Mission allowed both Protestants and Roman Catholics to play a part in the cosmic drama of salvation. For Catholics, the newly interiorised spiritual disciplines of the Jesuits and other missionary orders meant that every missionary carried his own portable (and exportable) monastery within him. For Protestants, the “dynamo” of pietistic religion drove those who knew that they were the worst of sinners to embrace mission all the more joyfully.
There is a parallel story within Europe itself, centring on the emergence of pietism, or “heart-religion”. It was a cross-confessional phenom-enon, but more Protestant than Catholic, and Hempton sees a deep global shift of initiative from Catholicism to Protestantism from the 1730s onwards. And he refuses to oppose revival to the Enlightenment: it must and can only be a part of it.
I would have liked to see more about that interaction. In particular, economic change — in the long term, perhaps the 18th century’s biggest story — is given very short shrift here. Hempton’s priority, however, is to get under the skin of Protestant revivalism: a movement that “thrived on anxiety”, but that also partially reunited the divided Protestant brethren, spanning Lutherans, Calvinists, Anglicans, and even the radicals. The result was Methodism, “an unsettling movement led by unsettled people”.
Part of what made it, and all heart-religion, so unsettling and uncontainable was its structure: voluntaristic, networked (he takes letter-writing as a symbol of the whole movement), egalitarian, and, indeed, feminised.
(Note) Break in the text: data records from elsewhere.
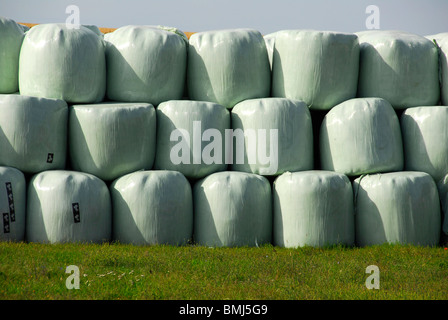 silage fodder bales on a farm Stock Photo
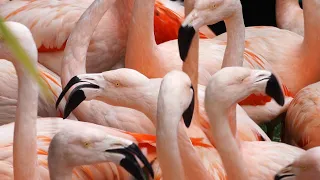 Flamingos' medical check-up
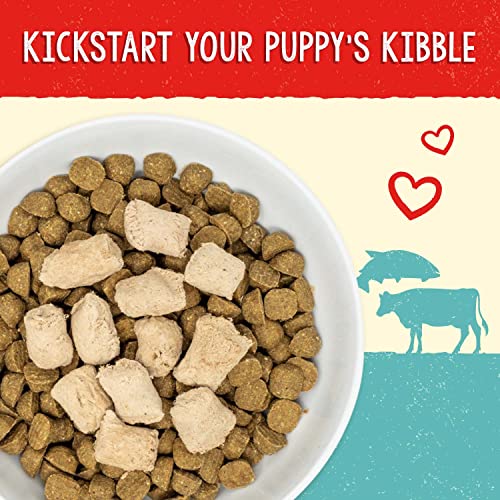 Stella & Chewy's Perfectly Puppy Beef & Salmon Freeze-Dried Puppy Food, 3.5 oz.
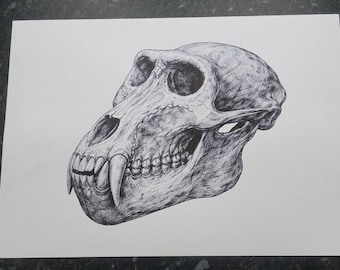Umfene (baboon's skull) - Canvas Print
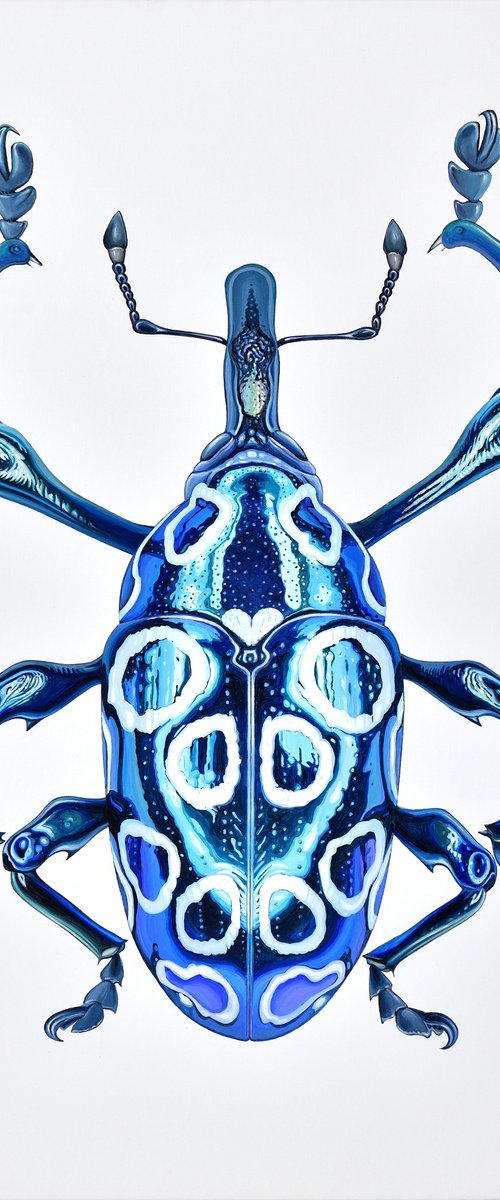 Jewel Beetle #1 by Alex Nizovsky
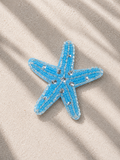 Pins étoile bleu
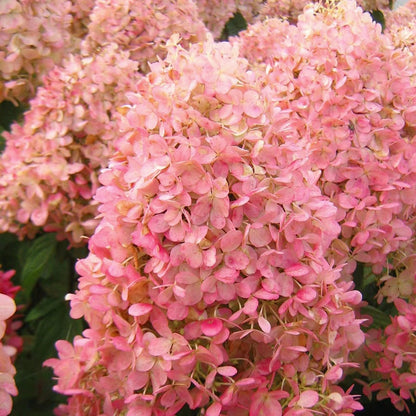 Strawberry Hydrangea Flowers Seeds Mixed Color Plants Home Garden Flower Seeds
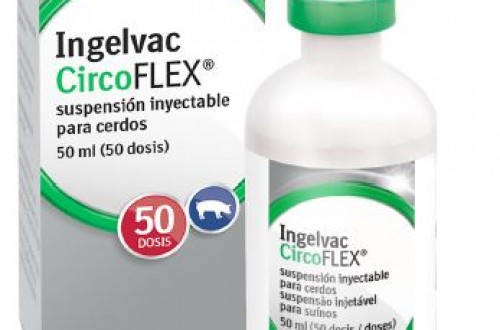 Boehringer Ingelheim presenta DiaTEC, una nueva tecnología de purificación para Ingelvac CircoFLEX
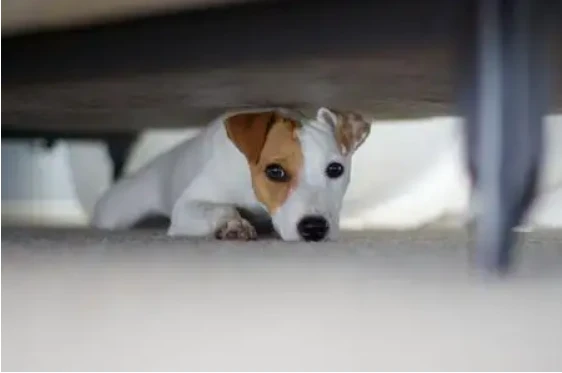 如何调节狗狗“胆小怕生不亲人”的心理状态？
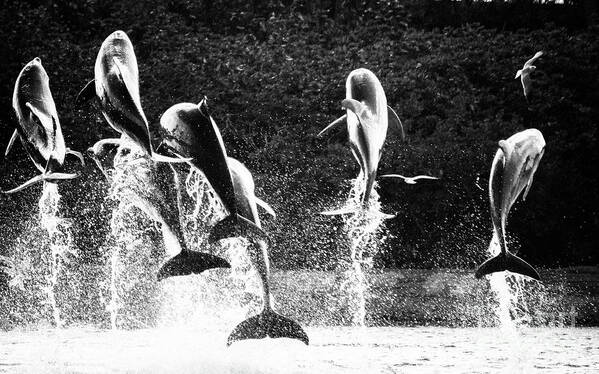 Nassau Art Print featuring the photograph Dolphin Dance by Wilko van de Kamp Fine Photo Art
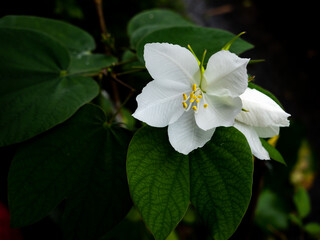 Yellow Pollen of White Kalong Flower Blooming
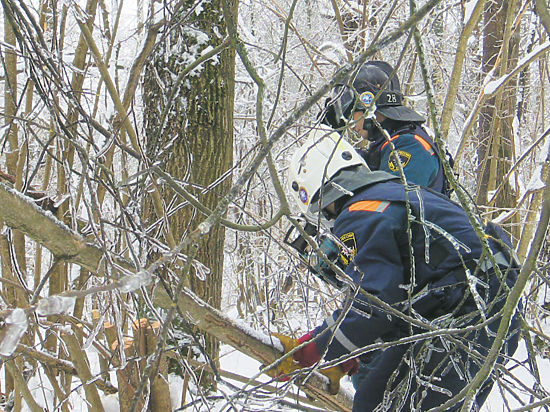 «МК» провел один день с МЧС на устранении последствий ледяного дождя в Дмитровском районе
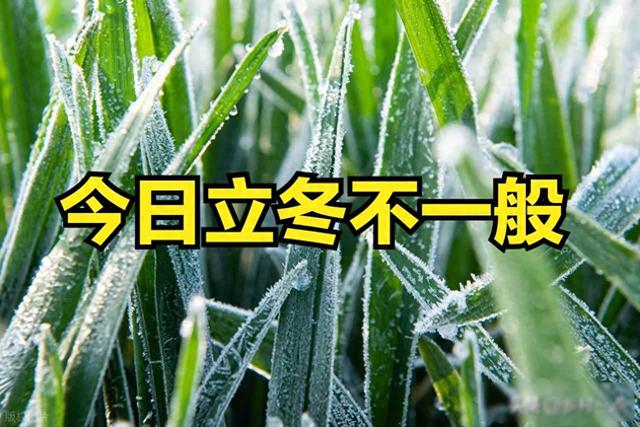 今日立冬不一般，最怕“立冬一日晴”，立冬晴天好还是下雨好？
At last, Protest-antism had found a structure whose energies could match those of the Catholic missionary orders.
Hempton’s book begins with a hoary device: the Martian professor of comparative religion, whom we follow on a trek around the 18th-century globe to see Christianity in all its many varieties. But in fact, if you should meet such an interplanetary visitor, you could save it a lot of mileage simply by giving it this book.
Dr Alec Ryrie is Professor of the History of Christianity at Durham University.